Extracted data:
------------------------

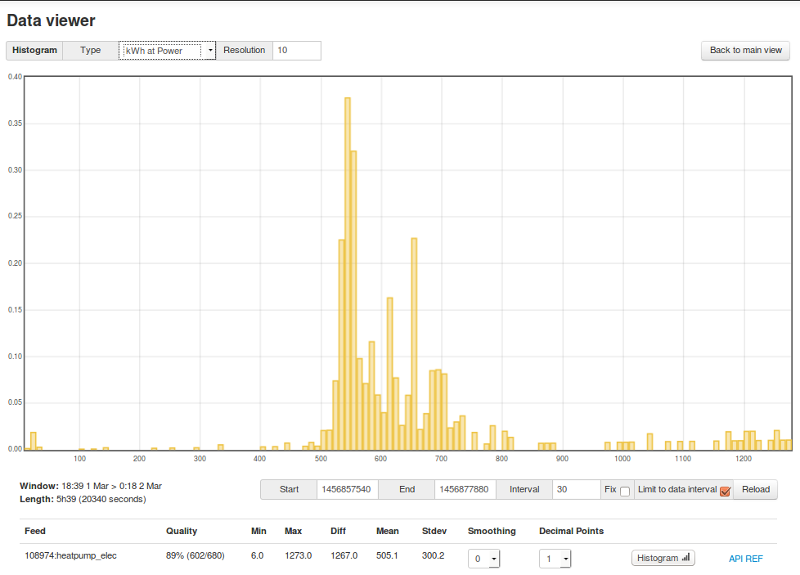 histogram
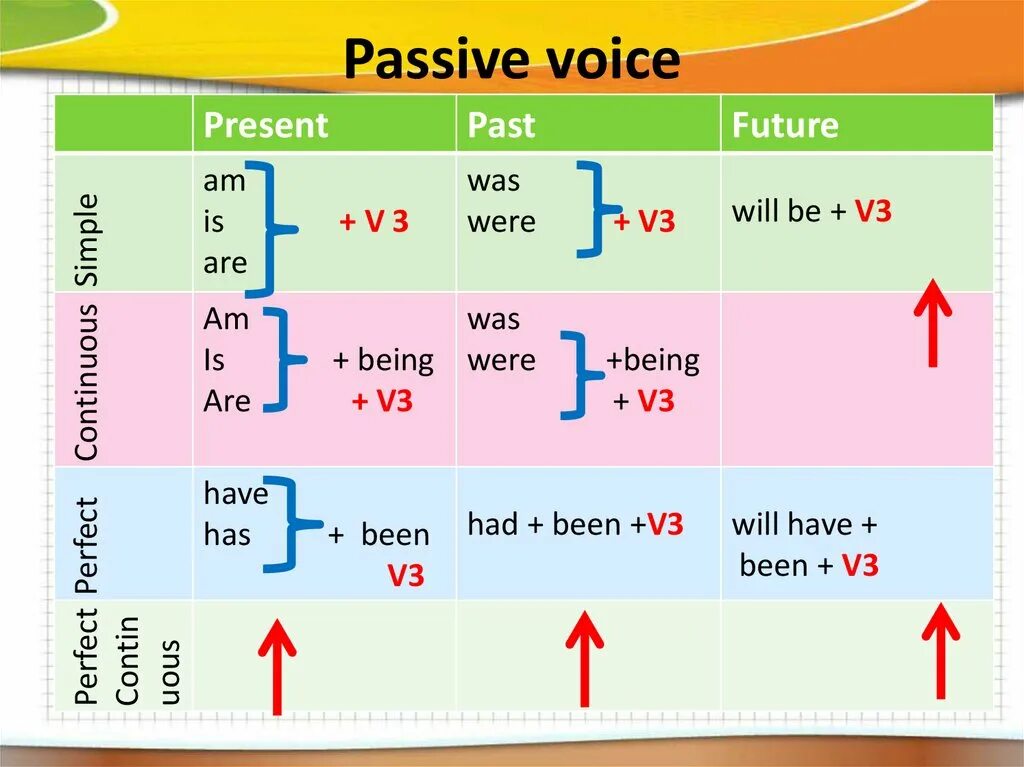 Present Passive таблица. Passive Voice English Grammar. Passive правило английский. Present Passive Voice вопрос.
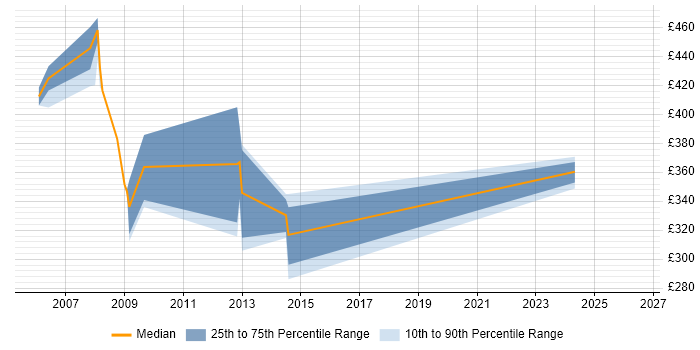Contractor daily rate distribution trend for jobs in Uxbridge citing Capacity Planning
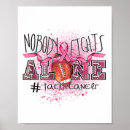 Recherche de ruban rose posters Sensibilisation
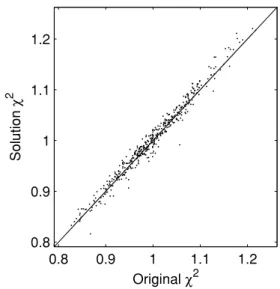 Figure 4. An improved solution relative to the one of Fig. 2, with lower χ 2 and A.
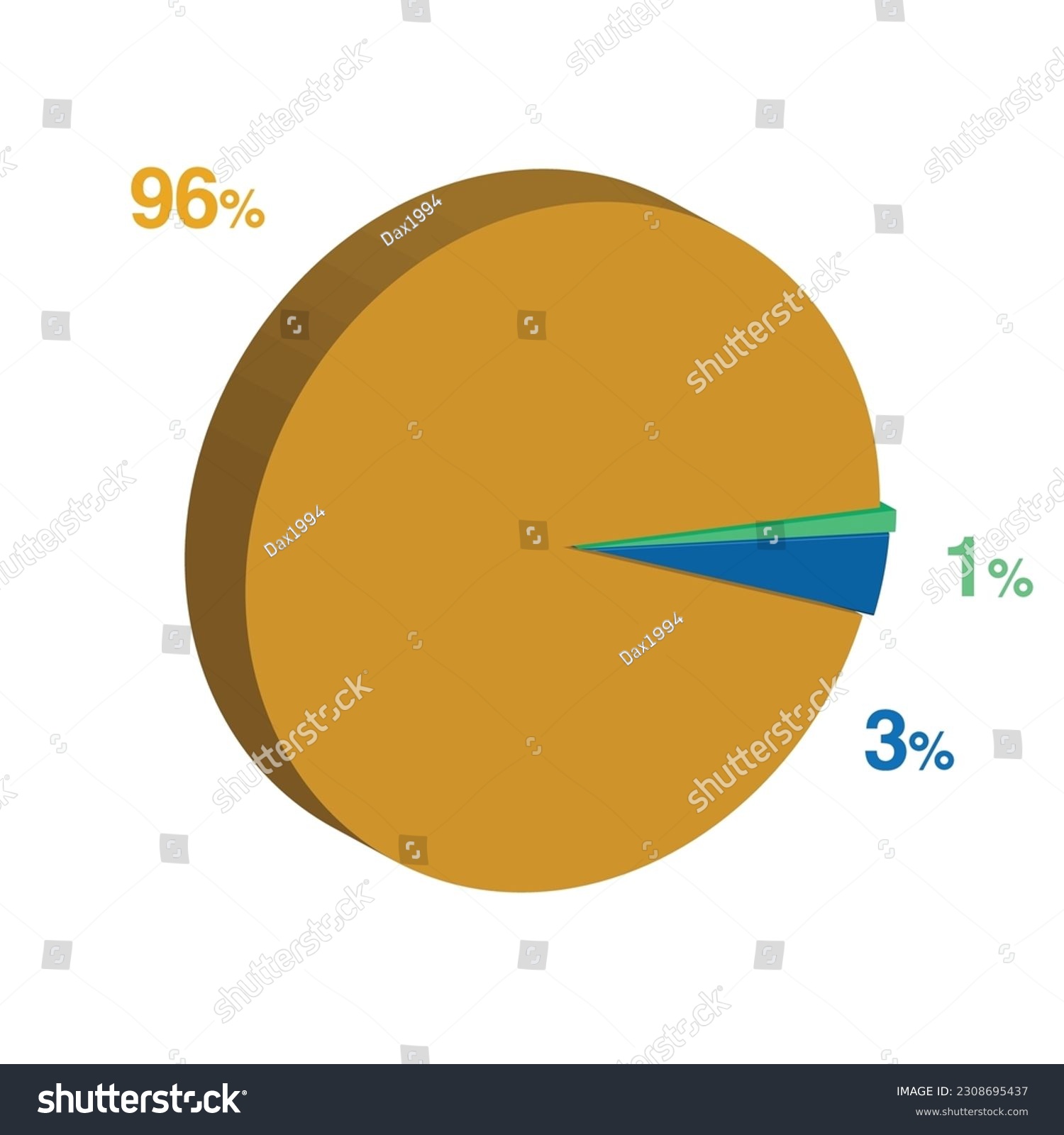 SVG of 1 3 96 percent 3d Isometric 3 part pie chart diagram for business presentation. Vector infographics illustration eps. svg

------------------------

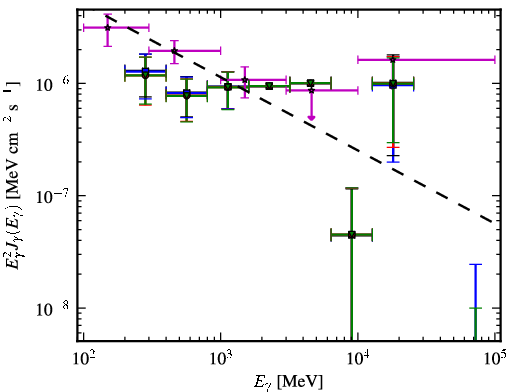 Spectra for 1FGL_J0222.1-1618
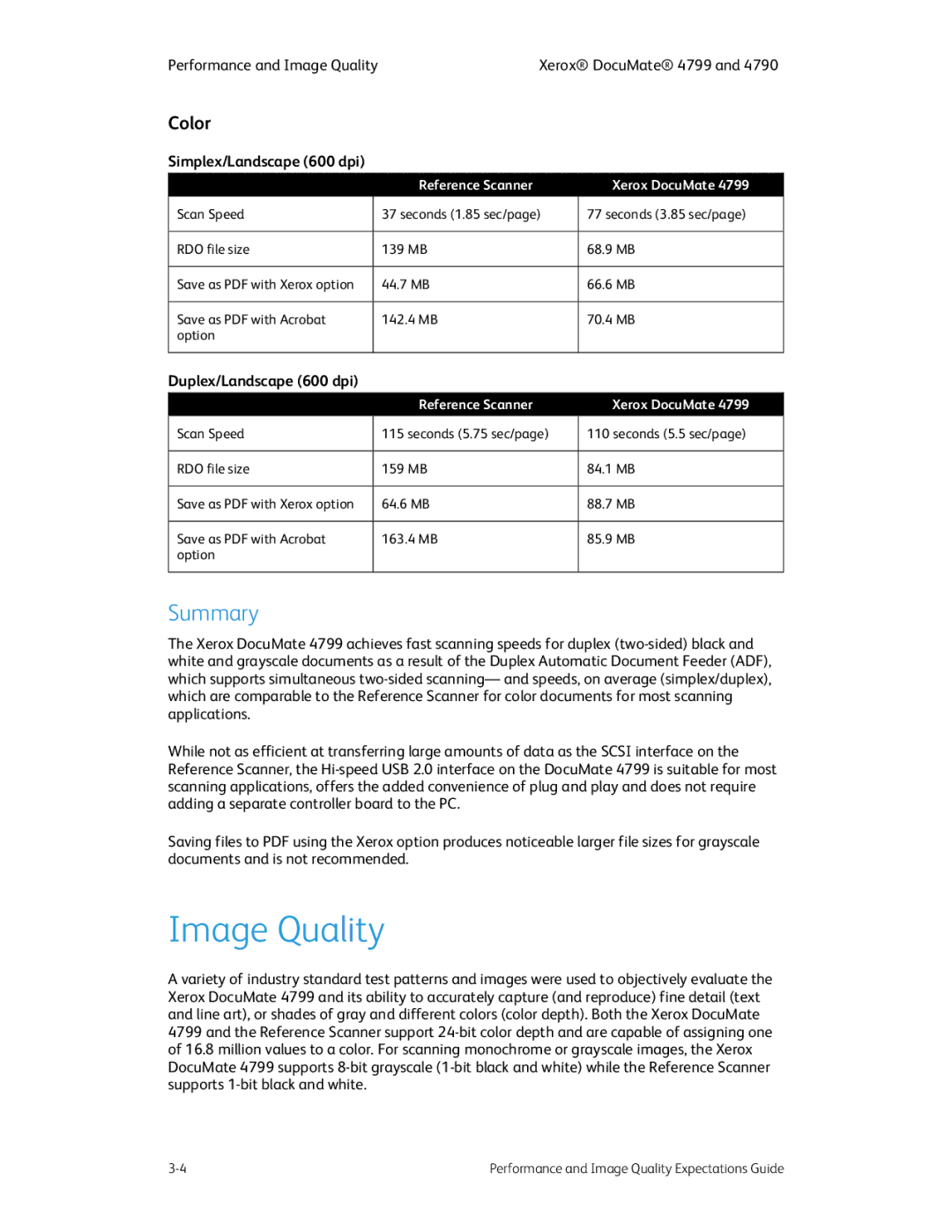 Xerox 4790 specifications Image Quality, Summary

------------------------

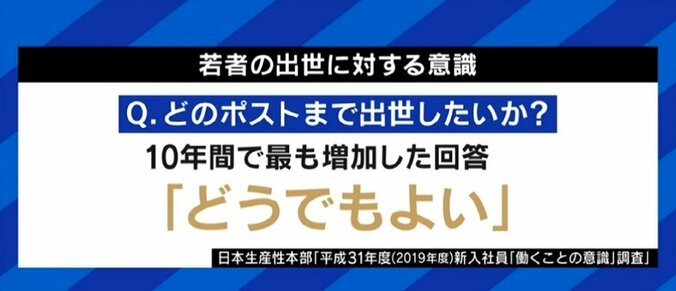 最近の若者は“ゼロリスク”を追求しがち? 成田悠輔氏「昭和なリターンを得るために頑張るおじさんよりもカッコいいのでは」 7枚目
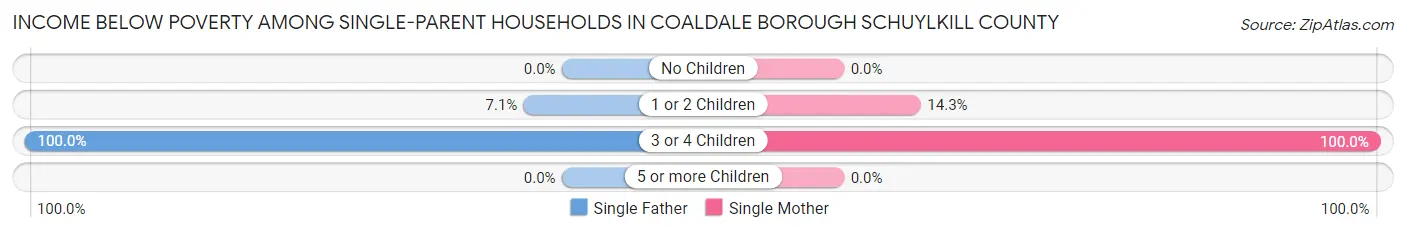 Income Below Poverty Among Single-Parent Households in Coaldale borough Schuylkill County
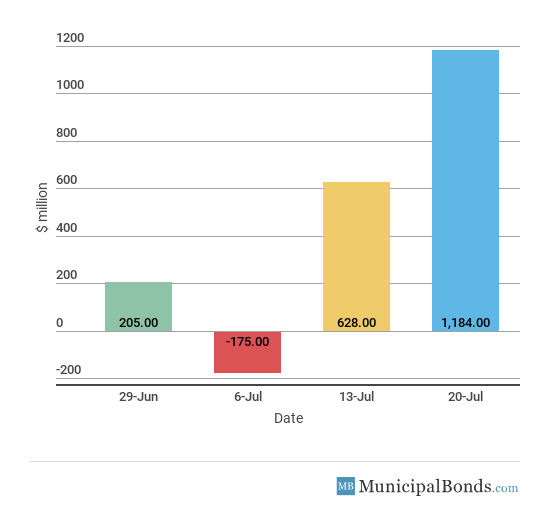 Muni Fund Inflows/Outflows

------------------------

Problem requirements: Return only the part above that opens with the line containing "Recherche de ruban" and closes with the line containing "SVG of 1 3 96", exactly and with both ends, skipping the pictures.

Answer space:
 Recherche de ruban rose posters Sensibilisation
 Figure 4. An improved solution relative to the one of Fig. 2, with lower χ 2 and A.
 SVG of 1 3 96 percent 3d Isometric 3 part pie chart diagram for business presentation. Vector infographics illustration eps. svg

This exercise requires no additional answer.